Most of those states will receive Justice Department staff members who have no statutory authority to access polling sites as a result of a 2013 Supreme Court decision that struck down parts of the Voting Rights Act, curtailing the department’s ability to deploy election observers with unfettered access to the polls.
Tuesday’s election will be the first in decades in which the Justice Department can send full-access observers only to states where a federal court ruling has authorized it.

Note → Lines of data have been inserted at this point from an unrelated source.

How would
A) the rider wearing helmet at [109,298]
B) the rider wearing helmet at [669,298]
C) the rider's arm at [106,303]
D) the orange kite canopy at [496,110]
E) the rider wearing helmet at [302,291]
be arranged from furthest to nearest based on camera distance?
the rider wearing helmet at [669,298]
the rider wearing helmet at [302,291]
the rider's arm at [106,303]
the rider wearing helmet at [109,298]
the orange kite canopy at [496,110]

Courts have granted the Justice Department permission to deploy full-access observers in five states: Alaska, California, Louisiana, New York, and Alabama. But the court order for Alabama pertains only to municipal elections and is not on the list of states where the Justice Department is deploying poll watchers this year.
The Justice Department staff who are deployed to the other 24 states on Tuesday will be election “monitors,” who must rely on local and state authorities to grant them access to polling locations.
Vanita Gupta, head of the department’s civil-rights division, said, “In most cases, voters on the ground will see very little practical difference between monitors and observers,”
Though the department will be overseeing more jurisdictions this year, it will be doing so with fewer people.
This Tuesday, the DOJ said more than 500 personnel would monitor elections in 67 jurisdictions in 28 states.
Some of the Voting Rights Act provisions personnel will be monitoring include: not discriminating against voters based on their race, gender, or disability; providing minority languages if necessary; and complying with proper voter registration requirements.
The 28 states the DOJ is monitoring tomorrow are: Alaska, Arizona, California, Connecticut, Florida, Georgia, Illinois, Kansas, Louisiana, Massachusetts, Michigan, Missouri, Nebraska, Nevada, New Jersey, New Mexico, New York, North Carolina, North Dakota, Ohio, Pennsylvania, Rhode Island, South Dakota, Tennessee, Texas, Utah, Virginia, and Wisconsin. Some have only one jurisdiction being watched, while others will have several.